→ Your task: Copy out all of the lines below exactly; the pictures do not belong in the copy.

→ Given information:
= Beginning of Section =
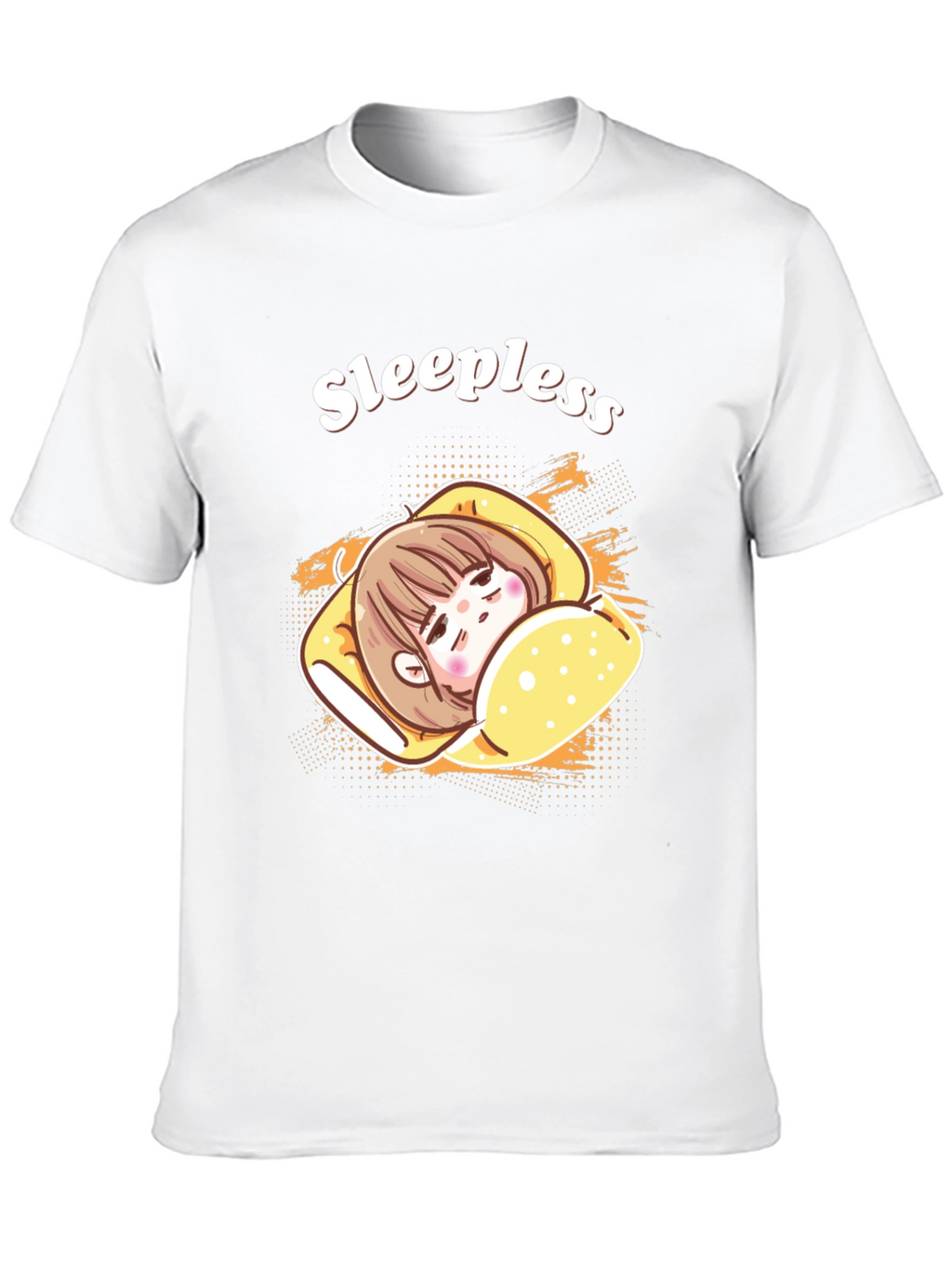 Sleepless Cartoon Graphic Black T-Shirt
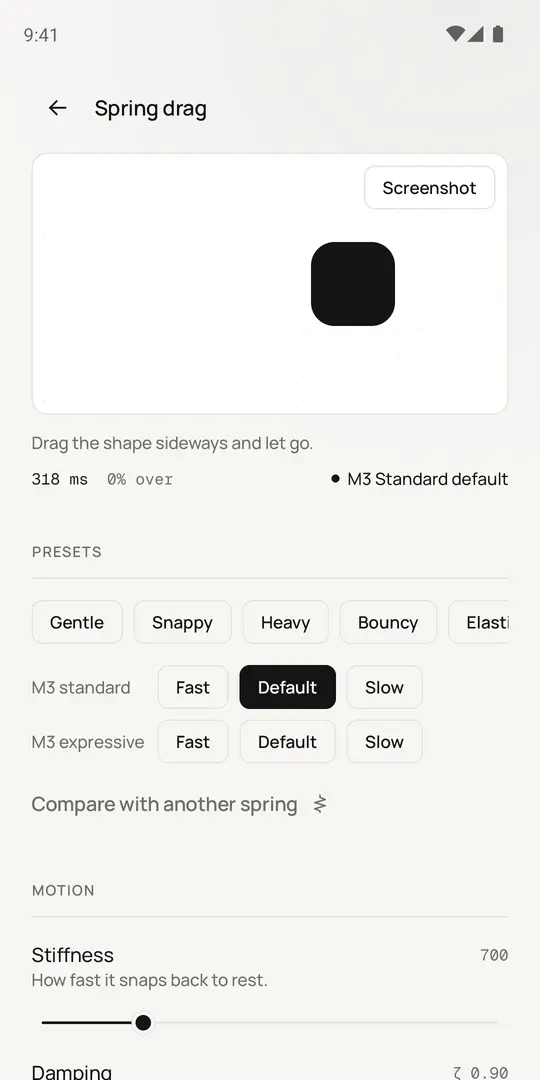 Hapture spring drag editor with presets and sliders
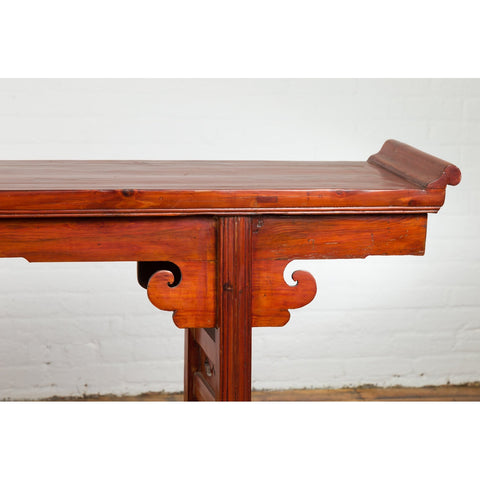 Chinese Qing Dynasty Period Altar Console Table with Cloudy Scroll Motifs-YN7636-13. Asian & Chinese Furniture, Art, Antiques, Vintage Home Décor for sale at FEA Home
= End of Section =
→ Task output:
 Sleepless Cartoon Graphic Black T-Shirt
 Hapture spring drag editor with presets and sliders
 Chinese Qing Dynasty Period Altar Console Table with Cloudy Scroll Motifs-YN7636-13. Asian & Chinese Furniture, Art, Antiques, Vintage Home Décor for sale at FEA Home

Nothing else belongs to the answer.